In Matthew 16:21-24, Matt. 17:22-23, and Matt. 20:17-19 Jesus had clearly told the disciples that he would suffer, be killed by crucifixion, and rise again on the third day. Peter had even rebuked the Lord about this, saying, “Be it far from thee, Lord.” Jesus had turned to Peter and sharply rebuked him, saying, “Get thee behind me, Satan.” In Luke 9:27-36, at the transfiguration, Peter, James, and John witnessed Jesus, Moses, and Elijah speaking together about Jesus’ decease that He would accomplish at Jerusalem.
Despite all this, they knew not the Scripture that he must rise again from the dead.

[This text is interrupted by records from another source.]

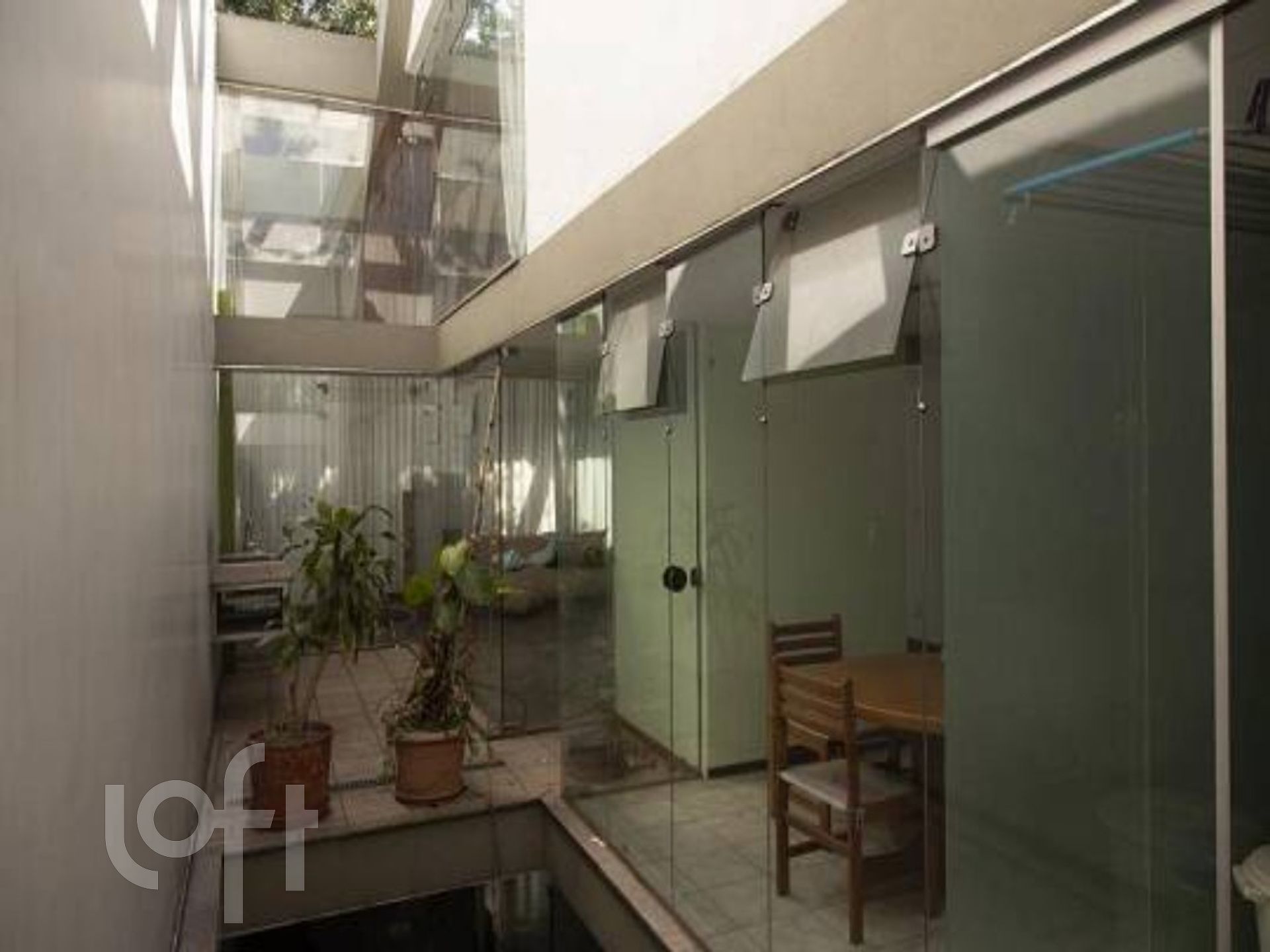 Casa à venda com 4 quartos, 200m² - Foto 10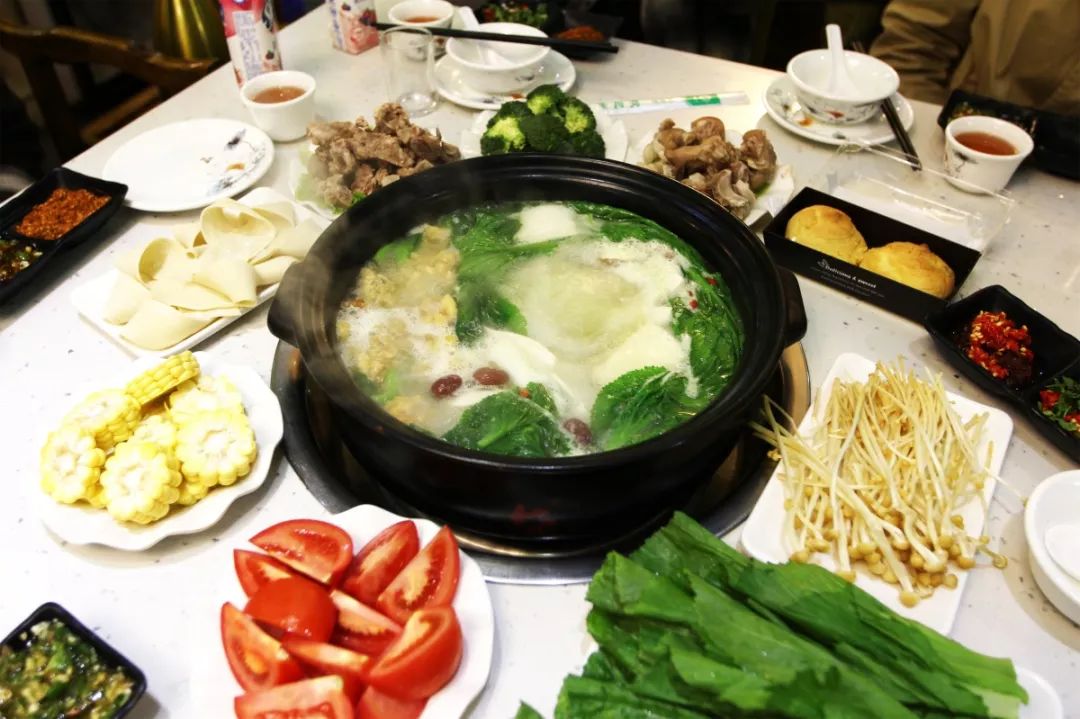 来都江堰的山间溪畔赴一场“好食光”！青山间的火锅店、花园里的小食堂......赏景美食两不误~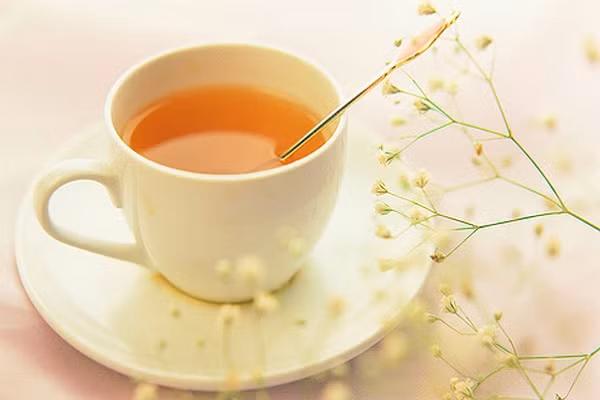 Thanh loc co the, thai doc gan, trong mau voi thuc uong quen thuoc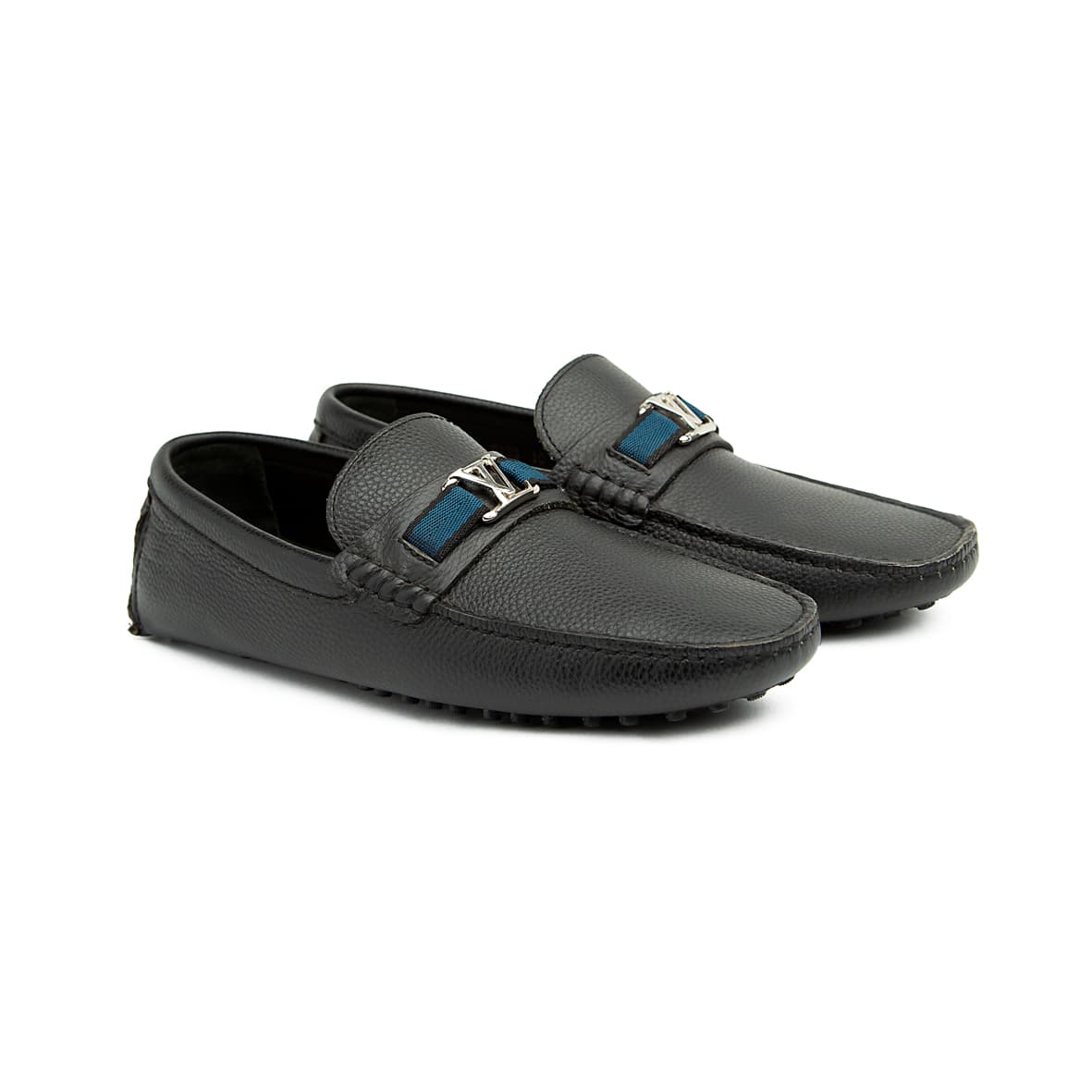 The Navy Web Roadster is an elegant and practical slip-on driving moccasin.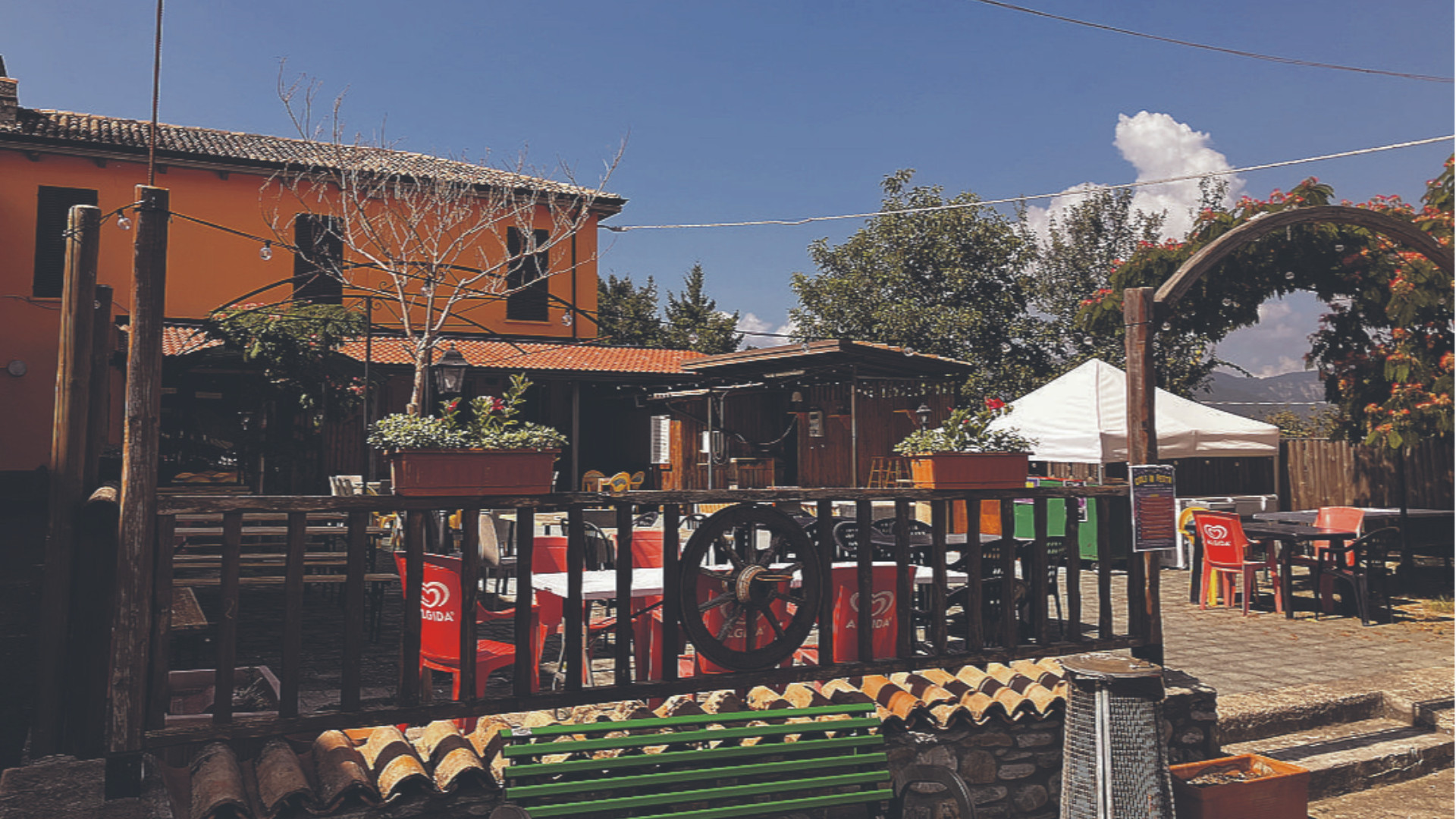 Non c'è pace per il bar di Coli, il Comune rescinde il contratto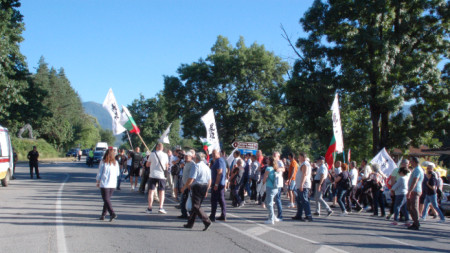 Протестиращи блокираха преди 10 дни пътя на разклона за Вършец. 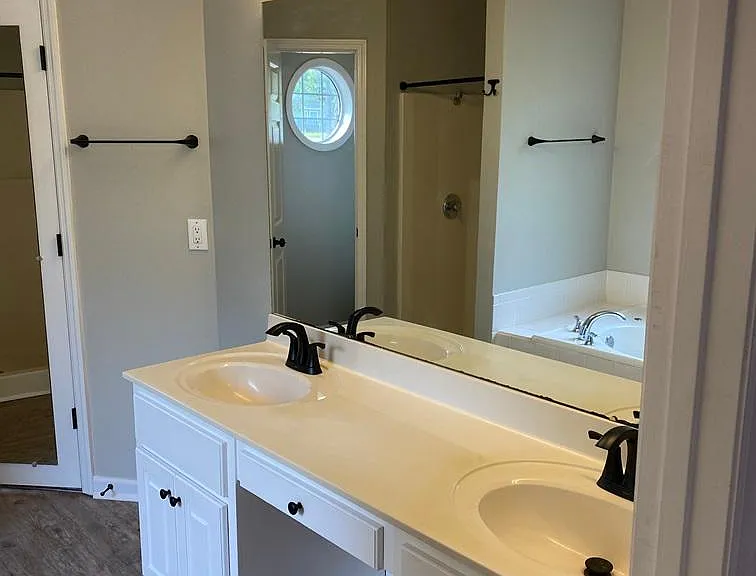 300 Greenview Ct — Photo 4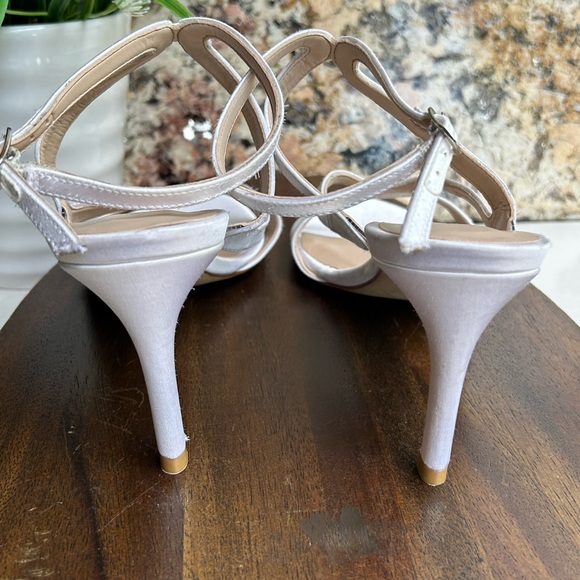 Stuart Weitzman Mariposa white Satin Sandal size 8 women Bride shoes - Picture 8 of 14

Were they deaf? No. There was another reason they did not hear and listen. They had a preconceived idea of what the Messiah would do – and that idea certainly did not include Jesus’ death and resurrection.
Think, for a moment, how much comfort and assurance the apostles would have had through the days of the crucifixion and resurrection if they had simply believed what Jesus told them. Instead, they chose to block out Jesus’ teaching and went through 3 days of doubt, worry, fear, and despair.
But I don’t think we would have done any better today. We are all prone to the same doubts and weaknesses. Yet, we do have the answer and the way to victory.
Sometimes, we can have a self-imposed mental block because what is being said doesn’t fit our idea of what should be. We hear just what we want to hear and block out every other contrary idea.
In Mark 4:9, Jesus says, “He that hath ears to hear, let him hear.” In this Scripture and other similar scriptures, the word “hear” means more than to hear audible sounds. It has the idea of “hear, understand, and listen.” As Christians reading or listening to the Word, we are to hear the sound, listen -give attention to it, understand it, and then act upon it.
“But be ye doers of the word, and not hearers only, deceiving your own selves. – – – But whoso looketh into the perfect law of liberty, and continueth therein, he being not a forgetful hearer, but a doer of the work, this man shall be blessed in his deed.” (James 1:22 and 25).
Today, as you read or listen to the Word of God:
Be sure you understand the meaning of the Scripture.
Act upon it and experience God’s blessing in your life.
Hear! Listen! Understand! Believe! Act!